I feel a bit sorry for the spiders. Up until a few weeks ago, they could happily crawl out of the bath plug without so much as a raised eyebrow. There was no way they could ever scale those porcelain walls, so a return to the dingy drains was their only warm and comforting option. I left them to it.
The ones who made it to the wall (I mean the actual walls, not just the inside of the bathtub) were also treated with a sort of respectful fascination, as though they’d accidentally become exhibits in an art gallery. Occasionally they’d get some expert critiquing, such as, “Wowsers; you’re a big fella aren’t you?” or “Hullo; that’s one cracking web you’ve spun there, little guy. Good job!”
Very rarely were the spiders ever trapped in a glass tumbler over a piece of paper. Very rarely were they evicted to the garden.

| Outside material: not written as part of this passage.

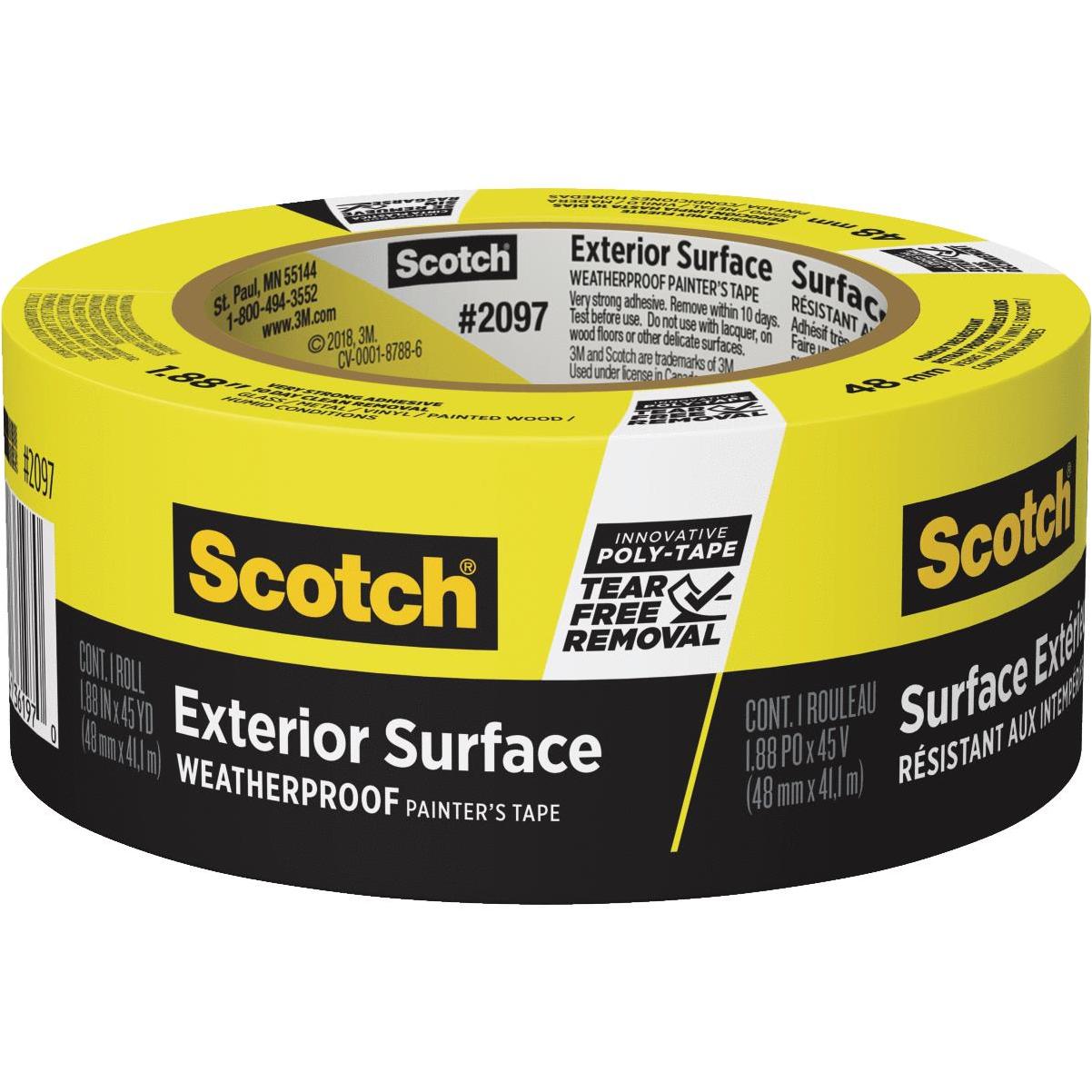 3M Scotch Blue 1.41 In. x 60 Yd. Sharp Lines Painter's Tape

Anyway, times change, and with it the general tolerance of things with beady eyes and eight legs.
I was called up to my role as the Chief Spider Relocation Engineer last night, when a false widow crawled out from behind the Fancy Samsung. Presumably, the installation of the new washing machine had woken it up.
“Quick!” came the cry, “It’s a massive one!”
I leapt into action. True - the false widow was bigger than most I’d seen and she was happily scuttling along the counter above the Fancy Samsung. Within a moment, the cupboard was open and shut and she was suddenly poking the inside of a drinking glass while I was looking for a pizza leaflet or the latest gumpf from the council, to slide under her.
“Can you take it to the bottom of the garden and tip it over the fence,” asked Sammy without a question mark. And so I did.
It was sunset. The tips of the trees were gilded with the last golden rays of sun; silver clouds shimmered behind them. I could only see the tops over the fence, and I was in half a mind to bunk off my CSRE duties and slip quietly into the park. I didn’t do that. I very calmly walked to the bottom of the garden and stood by the fence, one hand pressing the pizza leaflet to the glass that was being held tightly by the other.
What happened next is a bit unclear.
I remember tipping the glass up over the fence, and I remember the spider clinging on as I shook it. What I didn’t expect was that the little blighter might leap back up over the fence and bite my hand.
But I think that’s what happened. I think she flew up from being shaken out of the glass, arched herself back over the fence, and landed on me.
My hand started tingling.
“Do you think I’ll wake up like Spider-man?” I asked Sammy when I got in. I was suddenly warming to the idea of being able to websling everything from the sofa, not to mention swinging round the village and fighting crime upside-down.
It wasn’t long before I remembered that we have different tolerances for all things spidery. It would be a remarkable conflict of interest if the Chief Spider Relocation Engineer also turned out to be Spider-man.
I ran my hand under cold water, dried it off, and tried to forget about the whole thing.